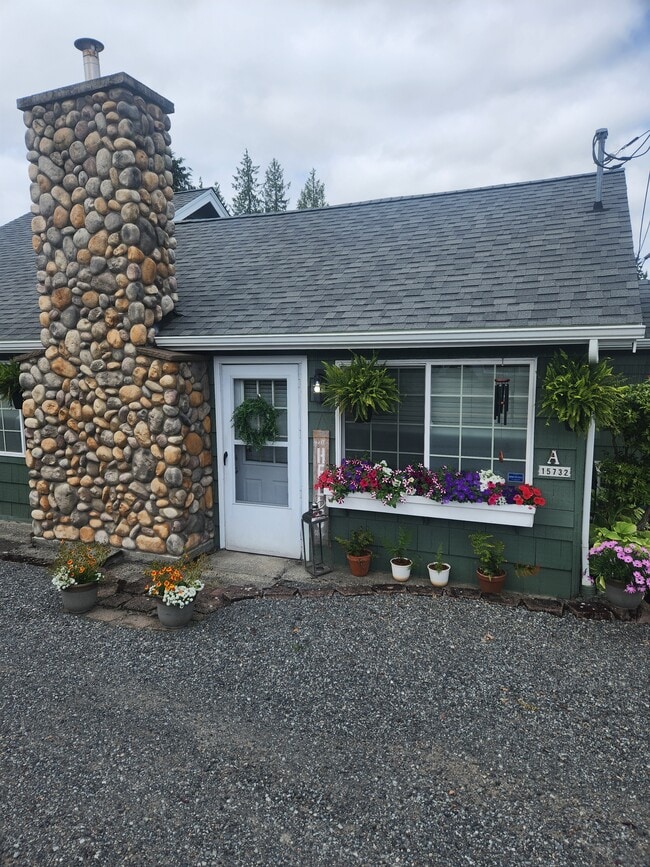 15732 E Shore Dr in Lynnwood, WA - Building Photo - Building Photo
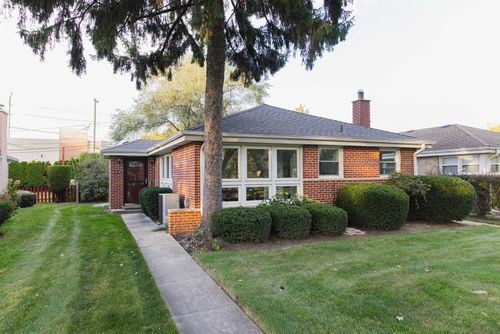 4440 Palma Place, Skokie, IL, 60076 | Card Image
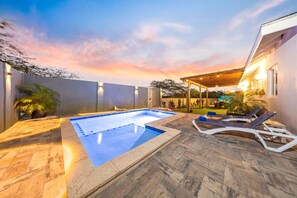 Pool - Renovated ~ PrivatePool ~ OutdoorDining ~ Location (Noord)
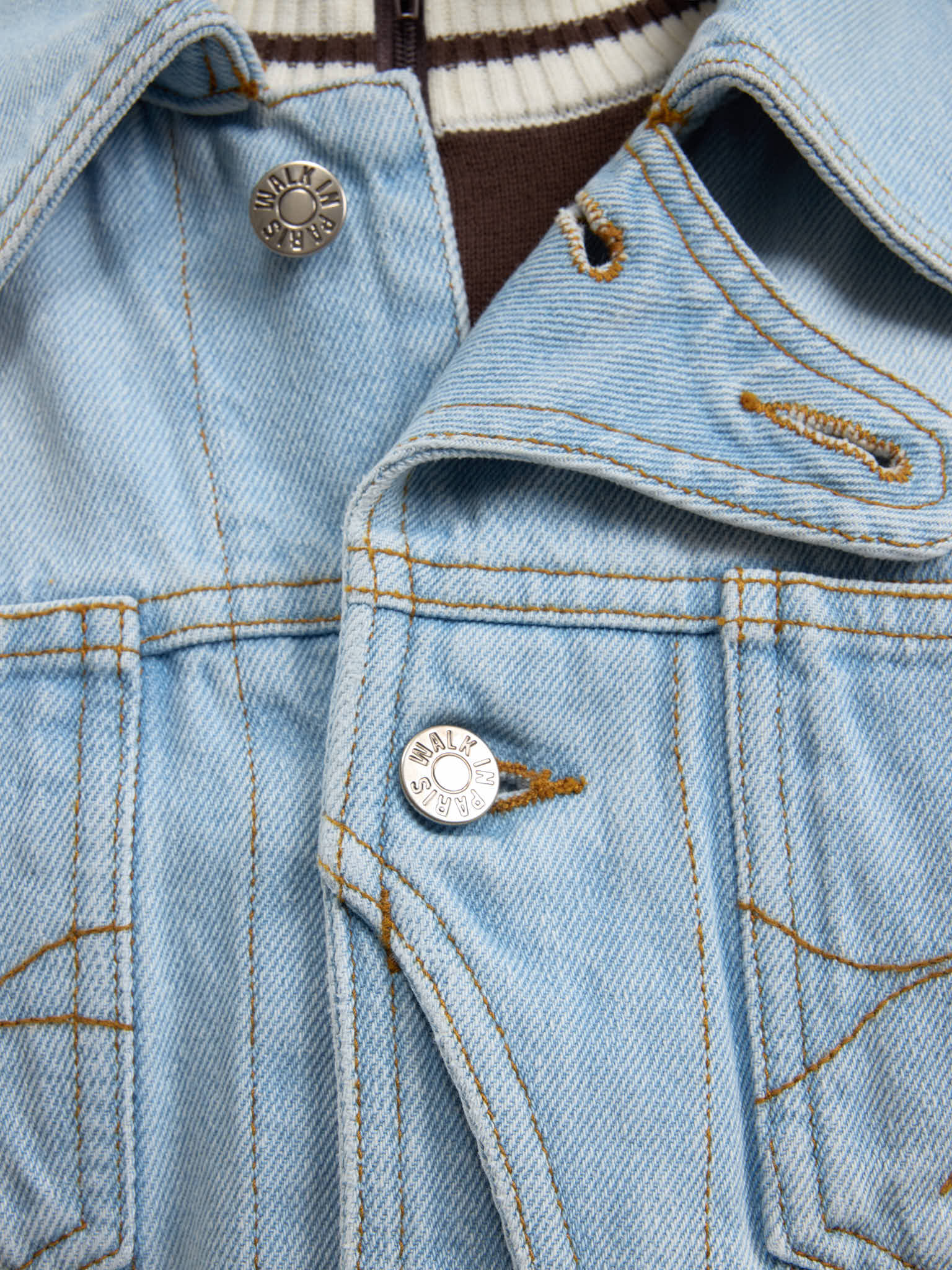 La veste du postier en denim clair délavé 11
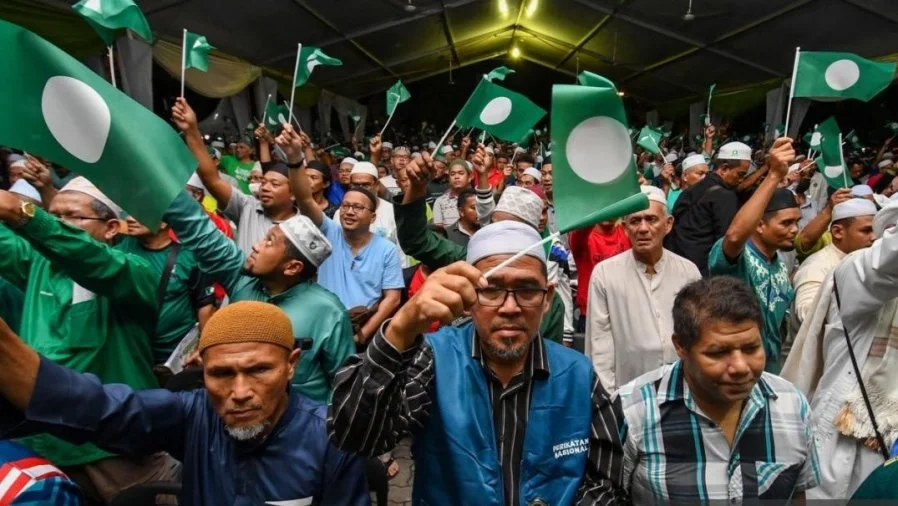 01949a4ee4817e576f629cb9db45b04b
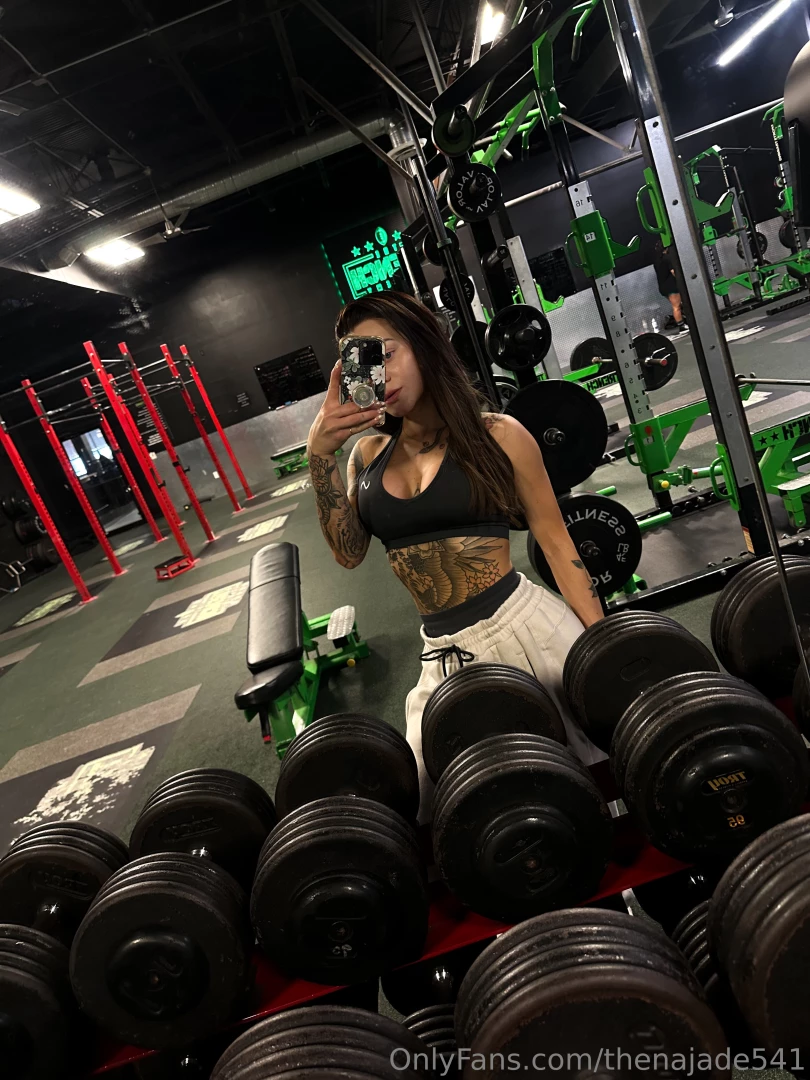 Sweat smile repeat gymlife 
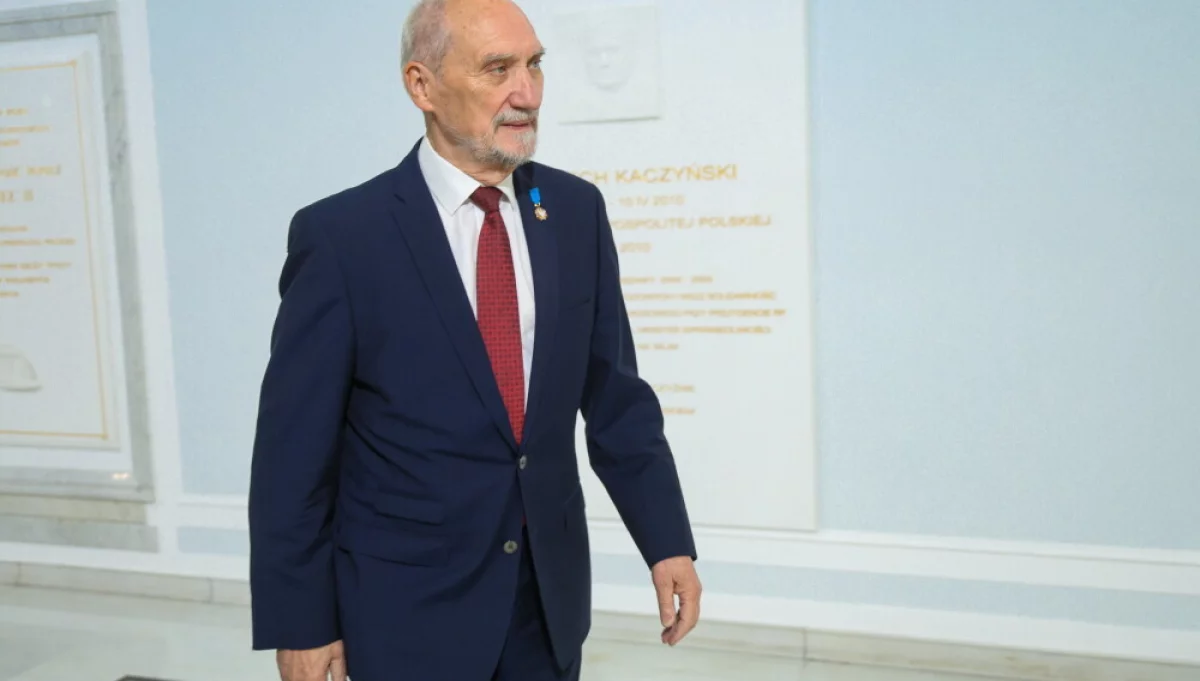 Antoni Macierewicz usłyszał zarzut ujawnienia informacji niejawnych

====================

#### TASK GOAL
Each entry above should be returned exactly as written, minus its pictures.

#### ANSWER SECTION
 15732 E Shore Dr in Lynnwood, WA - Building Photo - Building Photo
 4440 Palma Place, Skokie, IL, 60076 | Card Image
 Pool - Renovated ~ PrivatePool ~ OutdoorDining ~ Location (Noord)
 La veste du postier en denim clair délavé 11
 01949a4ee4817e576f629cb9db45b04b
 Sweat smile repeat gymlife 
 Antoni Macierewicz usłyszał zarzut ujawnienia informacji niejawnych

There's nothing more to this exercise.